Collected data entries
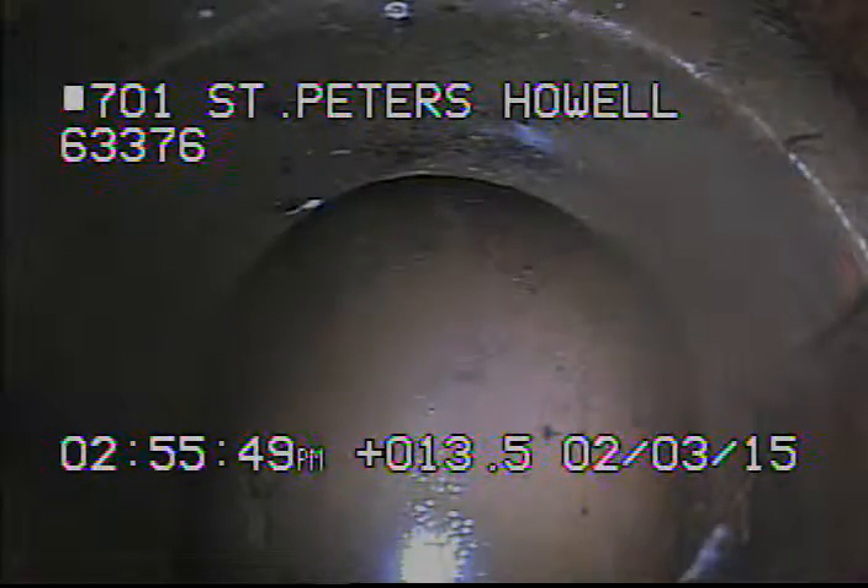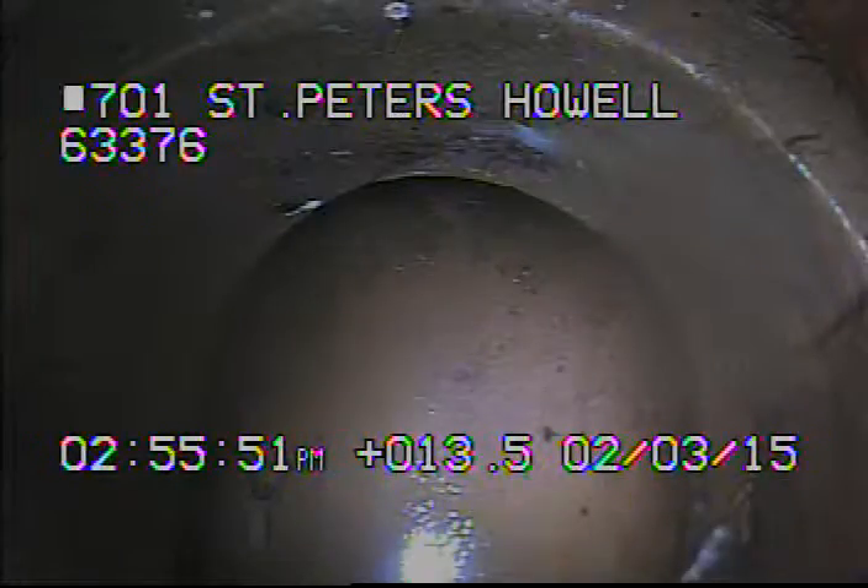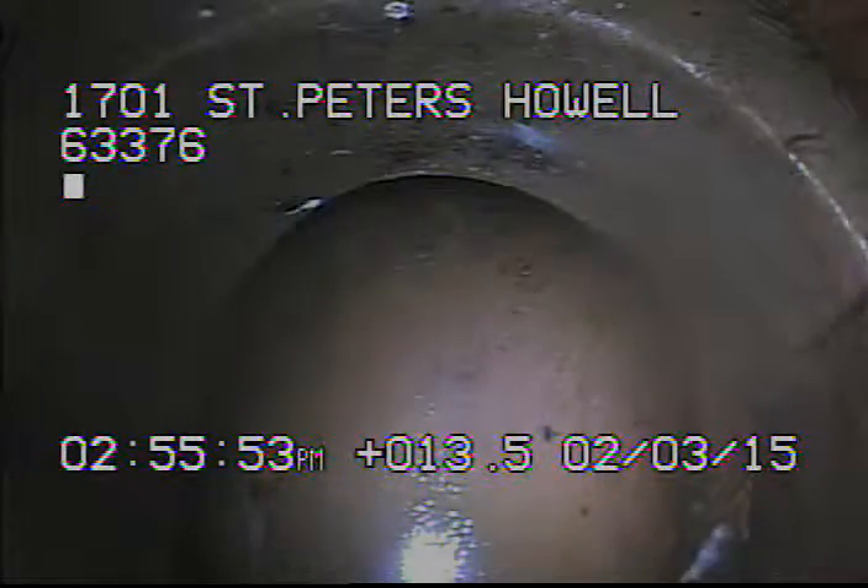Today is February 3rd, 2015. We're at 1701 St. Peter's Hall Road, televising a sanitary turbine from the cutoff stack in the basement.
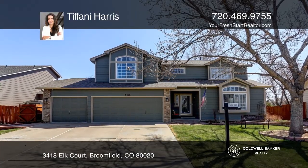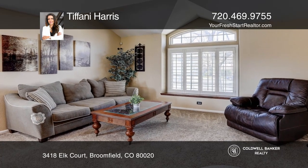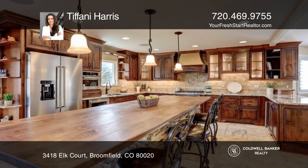This beautiful 3 bedroom 4 bath smart home features a formal living room, a center island in the kitchen, dining room, and a family room with a fireplace.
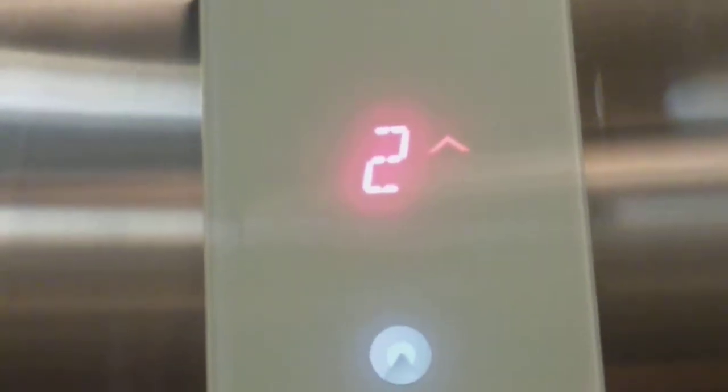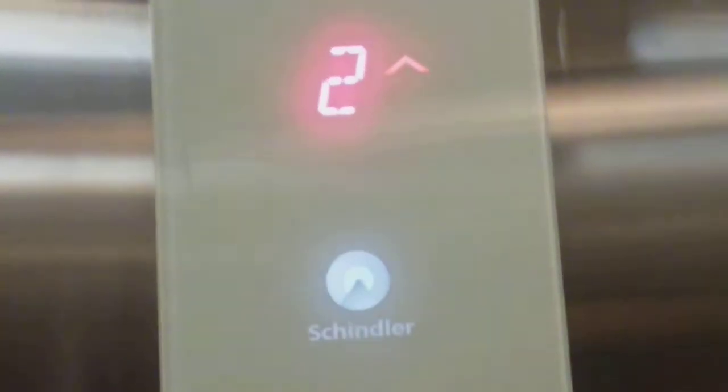There's the elevators at the Aloft in Buffalo Airport in Cheektowaga, New York. This opens up right at the front desk, so that's why we're just starting on 2 for this video. It opens up right at the front desk.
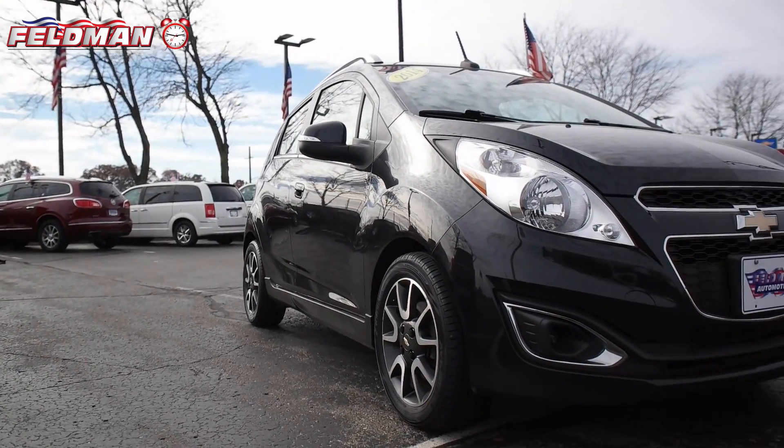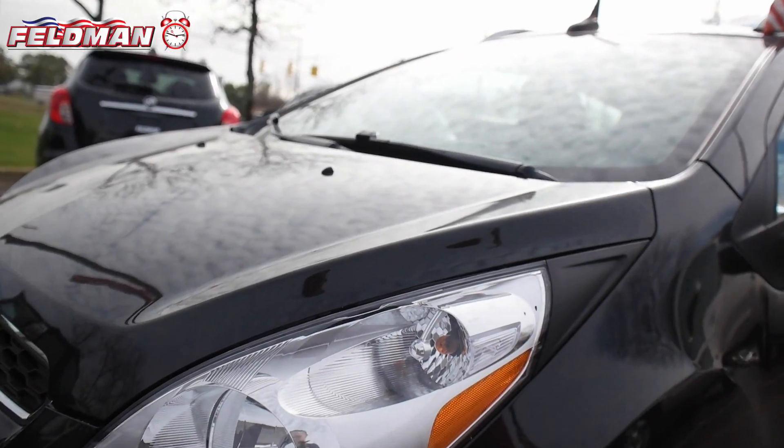Hey, it's Dawn from Feldman Automotive, and here's what's hot on the clock: this 2014 Chevrolet Spark hatch 2LT in black granite metallic.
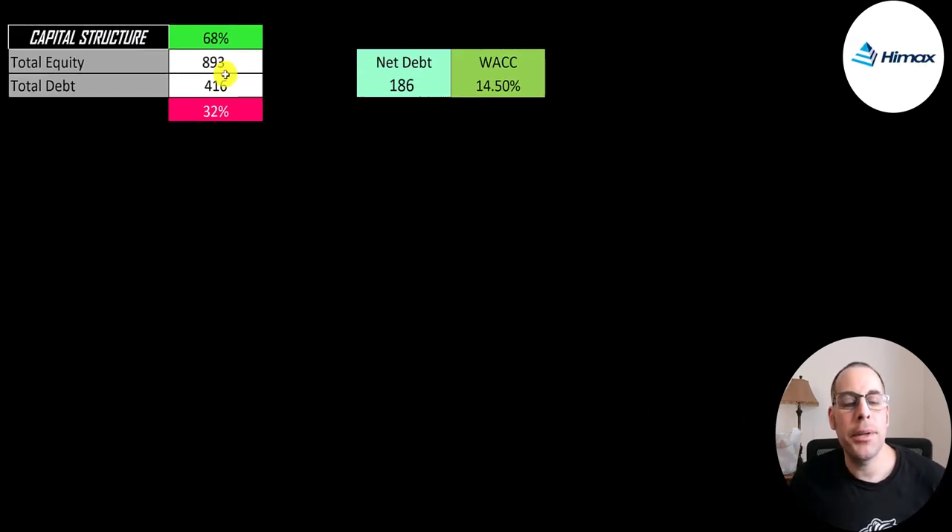Let's look at the capital structure: $900 million of equity, $400 million of debt. They are 68% equity and 32% debt. Their net debt is $186 million. I gave them a WACC of 14.5%. WACC is weighted average cost of capital — that's how much it costs this company to obtain capital, meaning obtain debt or equity, and WACC is a combination of both. This is the discount rate we're going to apply to the future cash flows.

## WORK TO COMPLETE
Should a picture appear among the entries, skip it and copy the rest exactly.

## PROBLEM SOLUTION
Today is February 3rd, 2015. We're at 1701 St. Peter's Hall Road, televising a sanitary turbine from the cutoff stack in the basement.
This beautiful 3 bedroom 4 bath smart home features a formal living room, a center island in the kitchen, dining room, and a family room with a fireplace.
There's the elevators at the Aloft in Buffalo Airport in Cheektowaga, New York. This opens up right at the front desk, so that's why we're just starting on 2 for this video. It opens up right at the front desk.
Hey, it's Dawn from Feldman Automotive, and here's what's hot on the clock: this 2014 Chevrolet Spark hatch 2LT in black granite metallic.
Let's look at the capital structure: $900 million of equity, $400 million of debt. They are 68% equity and 32% debt. Their net debt is $186 million. I gave them a WACC of 14.5%. WACC is weighted average cost of capital — that's how much it costs this company to obtain capital, meaning obtain debt or equity, and WACC is a combination of both. This is the discount rate we're going to apply to the future cash flows.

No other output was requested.